There is a separate chapter of SHOPO for each of the four counties represented, including Honolulu, Kauaʻi, Maui, and Hawaii. Each chapter has a chairperson who also sits on the board of directors for SHOPO as a whole. Other members of the board include three at-large directors as well as a secretary, a treasurer, and a vice president and president. As of July 2020, the treasurer was James “Kimo” Smith; as of July 2021, the president was Malcolm Lutu, a sergeant in the Honolulu Police Department.

== Activity ==
SHOPO's opposition to police reform has been a major factor in preventing its implementation in Hawaii.

=== Efforts to keep police misconduct files private ===
In 1995, SHOPO successfully lobbied the Hawaii State Legislature to make county police departments exempt from the Uniform Information Practices Act, which requires that the disciplinary files for any other public employees who are suspended or fired be made public. A bill intended to remove the exemption subsequently failed twice to pass through a committee that was chaired by a Hawaii state senator who had been endorsed by SHOPO.
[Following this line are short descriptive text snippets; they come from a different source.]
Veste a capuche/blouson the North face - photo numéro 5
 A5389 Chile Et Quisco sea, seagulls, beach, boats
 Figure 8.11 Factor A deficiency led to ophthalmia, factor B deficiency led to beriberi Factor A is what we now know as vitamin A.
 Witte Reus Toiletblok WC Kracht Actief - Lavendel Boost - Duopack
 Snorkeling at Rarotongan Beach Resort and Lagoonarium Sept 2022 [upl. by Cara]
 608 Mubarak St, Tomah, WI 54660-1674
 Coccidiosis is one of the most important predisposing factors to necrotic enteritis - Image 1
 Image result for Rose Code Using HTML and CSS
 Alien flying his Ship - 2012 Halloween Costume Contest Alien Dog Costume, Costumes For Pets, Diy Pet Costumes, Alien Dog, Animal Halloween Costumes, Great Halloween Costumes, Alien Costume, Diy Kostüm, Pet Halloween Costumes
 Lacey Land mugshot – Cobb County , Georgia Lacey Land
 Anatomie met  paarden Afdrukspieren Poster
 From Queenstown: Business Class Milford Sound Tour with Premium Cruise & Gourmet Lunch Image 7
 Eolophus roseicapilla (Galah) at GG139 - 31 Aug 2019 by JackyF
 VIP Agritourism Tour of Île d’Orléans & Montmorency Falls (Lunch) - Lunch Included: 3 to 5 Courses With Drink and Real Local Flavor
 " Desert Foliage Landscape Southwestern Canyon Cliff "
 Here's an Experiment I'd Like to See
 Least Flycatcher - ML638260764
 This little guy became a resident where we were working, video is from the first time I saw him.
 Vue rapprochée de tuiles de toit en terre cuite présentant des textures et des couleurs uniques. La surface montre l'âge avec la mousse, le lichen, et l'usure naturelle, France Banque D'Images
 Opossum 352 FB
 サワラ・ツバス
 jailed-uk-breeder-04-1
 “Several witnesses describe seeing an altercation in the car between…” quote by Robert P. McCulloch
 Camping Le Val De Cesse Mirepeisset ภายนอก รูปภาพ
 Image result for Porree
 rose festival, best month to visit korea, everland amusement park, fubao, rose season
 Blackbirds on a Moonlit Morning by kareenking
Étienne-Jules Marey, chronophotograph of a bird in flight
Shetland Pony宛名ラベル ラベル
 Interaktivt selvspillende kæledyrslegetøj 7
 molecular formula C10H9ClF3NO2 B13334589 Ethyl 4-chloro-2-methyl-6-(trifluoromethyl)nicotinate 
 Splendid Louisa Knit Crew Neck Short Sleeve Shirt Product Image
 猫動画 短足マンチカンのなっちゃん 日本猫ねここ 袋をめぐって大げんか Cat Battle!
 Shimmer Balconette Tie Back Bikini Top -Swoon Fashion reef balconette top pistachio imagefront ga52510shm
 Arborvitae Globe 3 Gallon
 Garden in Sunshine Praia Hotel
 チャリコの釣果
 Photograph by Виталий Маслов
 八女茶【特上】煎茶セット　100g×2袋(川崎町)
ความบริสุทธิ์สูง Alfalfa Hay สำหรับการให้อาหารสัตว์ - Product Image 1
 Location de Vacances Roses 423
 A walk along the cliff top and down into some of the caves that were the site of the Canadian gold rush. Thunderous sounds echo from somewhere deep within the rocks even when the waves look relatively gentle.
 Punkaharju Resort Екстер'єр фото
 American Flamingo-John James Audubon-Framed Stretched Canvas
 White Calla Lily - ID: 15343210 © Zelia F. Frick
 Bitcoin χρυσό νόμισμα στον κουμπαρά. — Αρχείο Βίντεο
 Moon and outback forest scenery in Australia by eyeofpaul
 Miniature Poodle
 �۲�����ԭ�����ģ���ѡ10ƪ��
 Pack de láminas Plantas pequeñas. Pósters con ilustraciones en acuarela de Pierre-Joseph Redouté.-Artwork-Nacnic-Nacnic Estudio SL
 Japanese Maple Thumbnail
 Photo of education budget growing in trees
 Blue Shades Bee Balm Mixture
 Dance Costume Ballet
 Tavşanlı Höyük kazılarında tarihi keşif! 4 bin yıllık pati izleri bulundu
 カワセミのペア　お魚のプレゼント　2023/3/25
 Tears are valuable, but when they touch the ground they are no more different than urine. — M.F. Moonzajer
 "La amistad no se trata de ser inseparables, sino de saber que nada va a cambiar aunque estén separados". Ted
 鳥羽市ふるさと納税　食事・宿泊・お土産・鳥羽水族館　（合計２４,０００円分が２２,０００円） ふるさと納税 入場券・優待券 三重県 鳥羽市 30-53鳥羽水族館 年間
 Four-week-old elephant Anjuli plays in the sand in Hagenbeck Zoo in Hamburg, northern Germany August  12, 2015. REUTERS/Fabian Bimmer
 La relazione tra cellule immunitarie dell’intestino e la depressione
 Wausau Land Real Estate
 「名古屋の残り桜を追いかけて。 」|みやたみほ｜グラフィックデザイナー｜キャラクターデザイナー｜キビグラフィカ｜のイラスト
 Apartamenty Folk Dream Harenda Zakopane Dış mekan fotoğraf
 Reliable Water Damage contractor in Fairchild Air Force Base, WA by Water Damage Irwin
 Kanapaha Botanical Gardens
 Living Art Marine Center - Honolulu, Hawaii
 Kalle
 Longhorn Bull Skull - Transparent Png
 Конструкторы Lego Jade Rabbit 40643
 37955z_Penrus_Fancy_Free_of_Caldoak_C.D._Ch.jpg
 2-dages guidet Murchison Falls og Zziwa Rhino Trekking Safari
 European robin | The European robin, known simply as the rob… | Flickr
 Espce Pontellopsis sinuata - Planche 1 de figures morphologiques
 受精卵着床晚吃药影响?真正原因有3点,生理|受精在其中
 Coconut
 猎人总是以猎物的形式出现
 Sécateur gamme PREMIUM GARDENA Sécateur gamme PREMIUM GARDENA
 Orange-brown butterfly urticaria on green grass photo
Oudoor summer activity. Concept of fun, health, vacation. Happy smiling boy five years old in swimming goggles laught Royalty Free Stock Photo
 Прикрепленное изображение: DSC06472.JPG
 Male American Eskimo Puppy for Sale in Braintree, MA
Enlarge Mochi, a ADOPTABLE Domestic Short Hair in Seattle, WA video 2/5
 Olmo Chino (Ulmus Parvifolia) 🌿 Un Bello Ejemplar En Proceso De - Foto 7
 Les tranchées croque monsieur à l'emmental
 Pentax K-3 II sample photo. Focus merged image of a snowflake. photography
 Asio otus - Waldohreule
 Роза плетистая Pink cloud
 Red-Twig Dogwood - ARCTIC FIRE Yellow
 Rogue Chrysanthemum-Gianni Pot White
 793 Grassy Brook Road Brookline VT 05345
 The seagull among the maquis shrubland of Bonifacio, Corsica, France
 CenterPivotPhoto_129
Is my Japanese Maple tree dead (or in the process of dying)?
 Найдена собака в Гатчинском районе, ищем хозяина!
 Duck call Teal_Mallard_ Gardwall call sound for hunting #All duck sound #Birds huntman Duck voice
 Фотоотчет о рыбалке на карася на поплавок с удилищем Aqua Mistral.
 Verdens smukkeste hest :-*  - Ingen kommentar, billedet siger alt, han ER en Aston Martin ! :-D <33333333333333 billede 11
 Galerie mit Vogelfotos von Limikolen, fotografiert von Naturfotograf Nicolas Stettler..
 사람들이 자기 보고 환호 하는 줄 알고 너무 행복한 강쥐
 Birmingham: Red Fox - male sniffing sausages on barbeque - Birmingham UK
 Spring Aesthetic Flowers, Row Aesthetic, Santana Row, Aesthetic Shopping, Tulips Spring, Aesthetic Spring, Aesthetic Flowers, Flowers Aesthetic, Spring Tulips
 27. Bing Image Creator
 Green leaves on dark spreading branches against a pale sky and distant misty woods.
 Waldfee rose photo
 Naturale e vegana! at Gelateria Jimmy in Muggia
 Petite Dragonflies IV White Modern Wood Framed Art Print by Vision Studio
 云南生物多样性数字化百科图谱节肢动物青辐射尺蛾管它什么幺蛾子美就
In June 2020, House Bill 285, which removed the exemption for county police departments, resurfaced in the Hawaii State Legislature as a result of calls for police accountability by the Black Lives Matter movement in June 2020. The bill had previously been slowed by a joint committee since April 2019. SHOPO opposed the bill, buying a full-page advertisement in the Sunday issue of the Honolulu Star-Advertiser to advocate against it, and additionally sharing a three-page letter written by SHOPO treasurer James “Kimo” Smith arguing against the legislation. Roughly a hundred SHOPO members gathered in the rotunda of the Hawaii State Capitol to demonstrate their opposition to the bill, and dozens of supporters of SHOPO protested outside the building during the final vote on the bill in the Hawaii House of Representatives, where it was passed. It was signed into law by Governor David Ige on September 15, 2020.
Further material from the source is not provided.